+++ PROVIDED INFORMATION +++

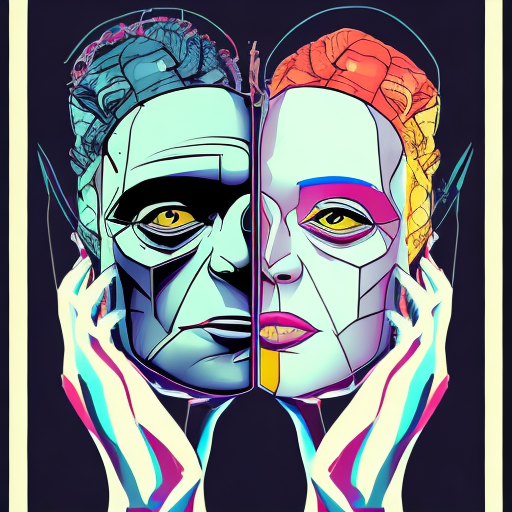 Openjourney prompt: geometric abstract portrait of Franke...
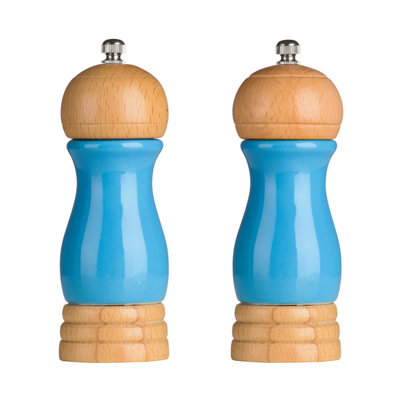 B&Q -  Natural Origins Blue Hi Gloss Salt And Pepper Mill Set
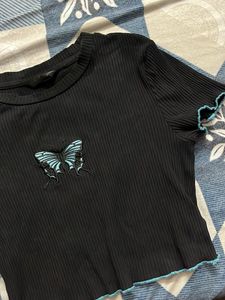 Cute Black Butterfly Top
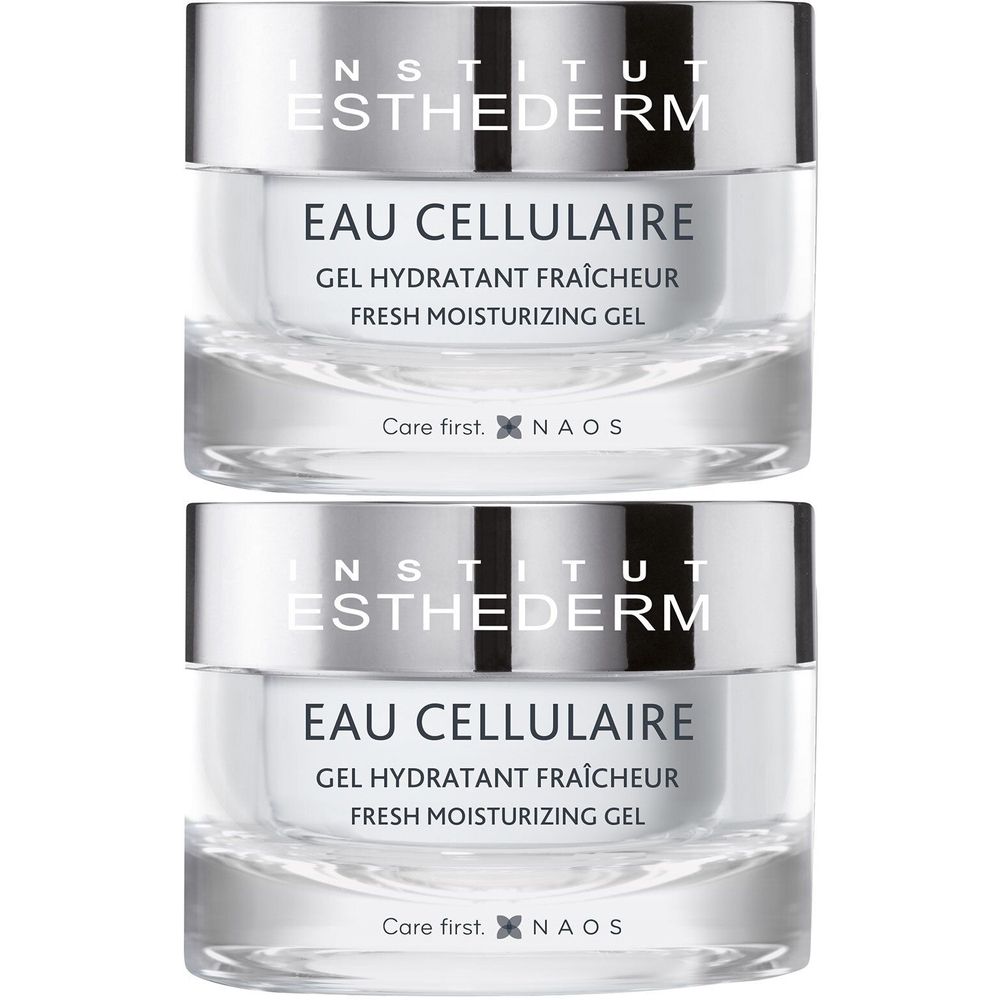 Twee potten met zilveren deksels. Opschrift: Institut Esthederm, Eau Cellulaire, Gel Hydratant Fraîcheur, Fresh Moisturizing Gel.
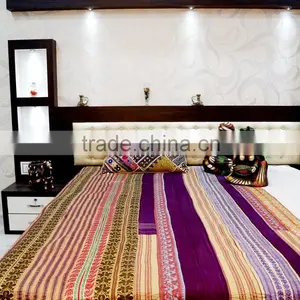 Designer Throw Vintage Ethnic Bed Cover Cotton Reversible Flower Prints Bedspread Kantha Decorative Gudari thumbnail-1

+++
+++ PROVIDED INFORMATION +++

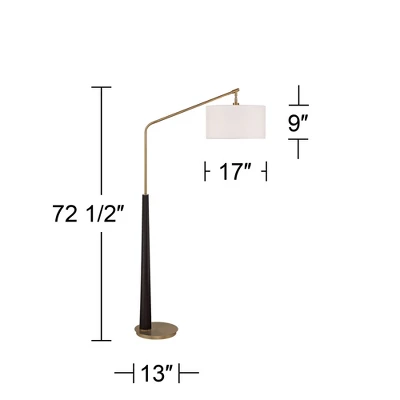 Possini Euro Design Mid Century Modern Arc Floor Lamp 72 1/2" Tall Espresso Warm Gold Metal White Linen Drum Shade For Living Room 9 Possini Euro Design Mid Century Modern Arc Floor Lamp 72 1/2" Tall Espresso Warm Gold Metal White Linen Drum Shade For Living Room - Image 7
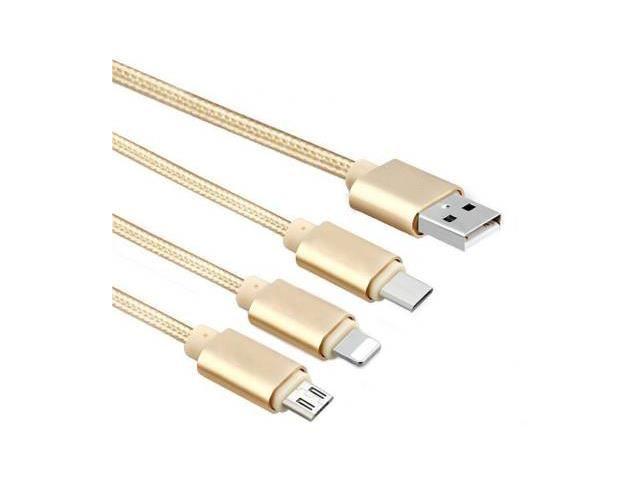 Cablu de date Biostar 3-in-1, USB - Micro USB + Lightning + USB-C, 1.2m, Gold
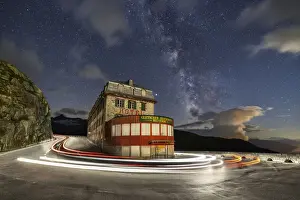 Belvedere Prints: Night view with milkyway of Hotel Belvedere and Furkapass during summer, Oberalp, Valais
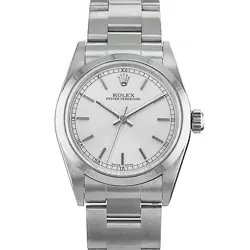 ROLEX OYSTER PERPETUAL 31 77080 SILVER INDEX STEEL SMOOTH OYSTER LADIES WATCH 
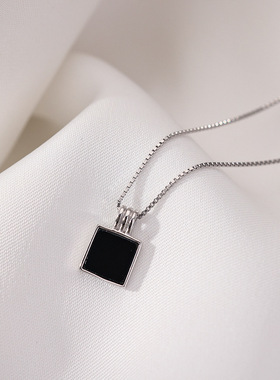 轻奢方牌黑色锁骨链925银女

+++

AIM OF THE EXERCISE: From the records above, transcribe exactly the lines starting at the one containing "Cablu de date" and ending at the one containing "轻奢方牌黑色锁骨链925银女". Skip the pictures.

TASK RESULT:
 Cablu de date Biostar 3-in-1, USB - Micro USB + Lightning + USB-C, 1.2m, Gold
 Belvedere Prints: Night view with milkyway of Hotel Belvedere and Furkapass during summer, Oberalp, Valais
 ROLEX OYSTER PERPETUAL 31 77080 SILVER INDEX STEEL SMOOTH OYSTER LADIES WATCH 
 轻奢方牌黑色锁骨链925银女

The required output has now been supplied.